### Prompt
Set down, word for word, each line from the top of the data through the line that has "Snowflakes and snow"; omit every picture.

(Brief descriptive captions)
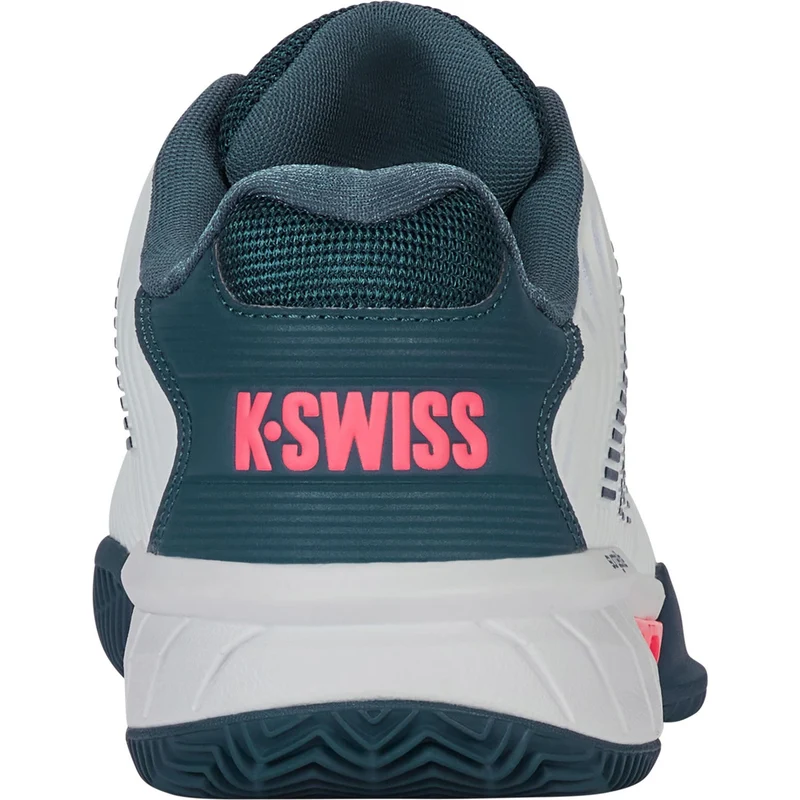 K-Swiss Hypercourt Express 2 Clay White/Stargazer/Neon Blaze Heren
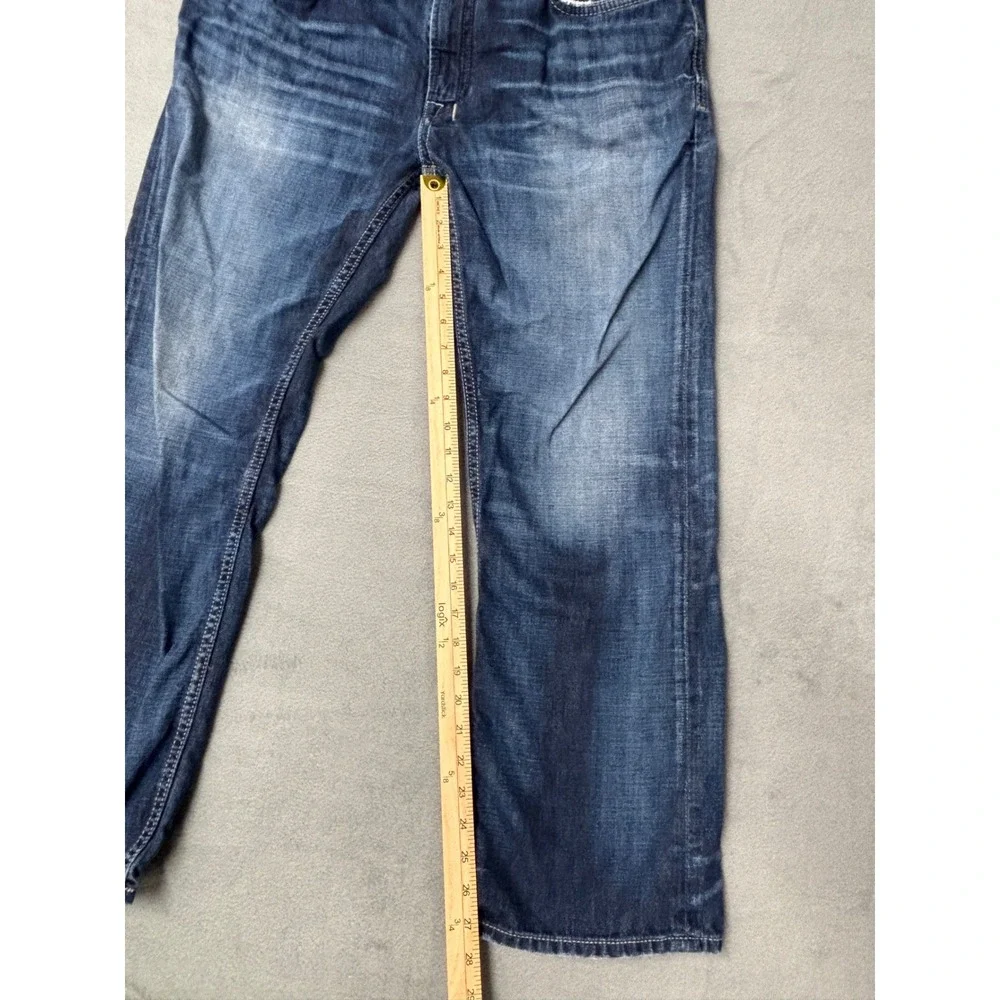 Buffalo David Bitton Driven Straight Fit Men's Jeans 36/30 Distressed Denim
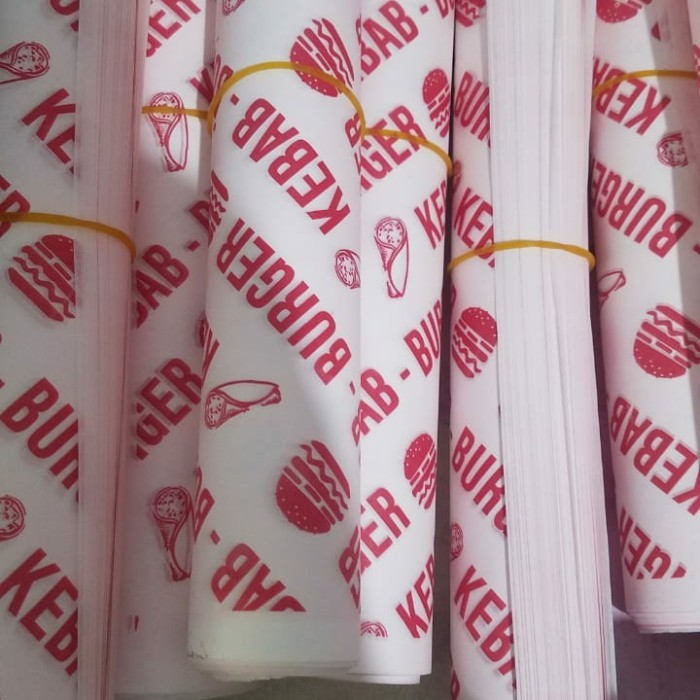 

Custome Kertas Kebab / Kertas Burger / Kertas Nasi KFC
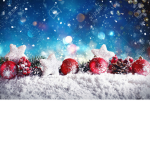 Snowflakes and snow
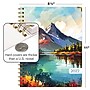 2027 Excello Brands 9" x 11" Weekly & Monthly Standard Planner, Paperboard Cover, Lake View (FSHN-CY27-8511-82)~#|#~270C3295-6804-4D71-8D9F1B37F096E919_sc7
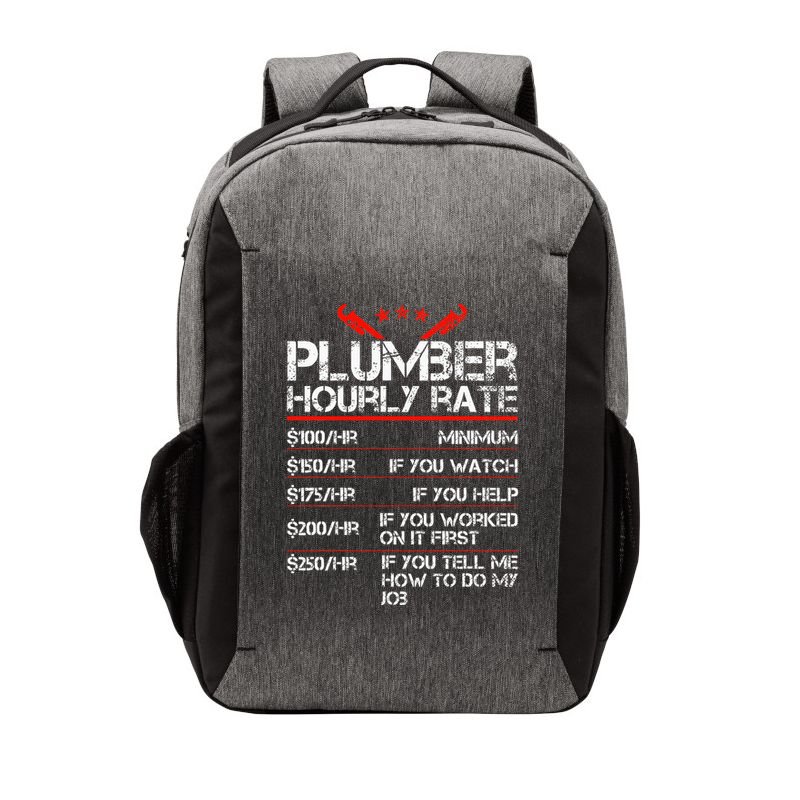 Funny Plumber Gifts Plumber Hourly Labor Rates Plumber Vector Backpack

### Task solution
 K-Swiss Hypercourt Express 2 Clay White/Stargazer/Neon Blaze Heren
 Buffalo David Bitton Driven Straight Fit Men's Jeans 36/30 Distressed Denim

Custome Kertas Kebab / Kertas Burger / Kertas Nasi KFC
 Snowflakes and snow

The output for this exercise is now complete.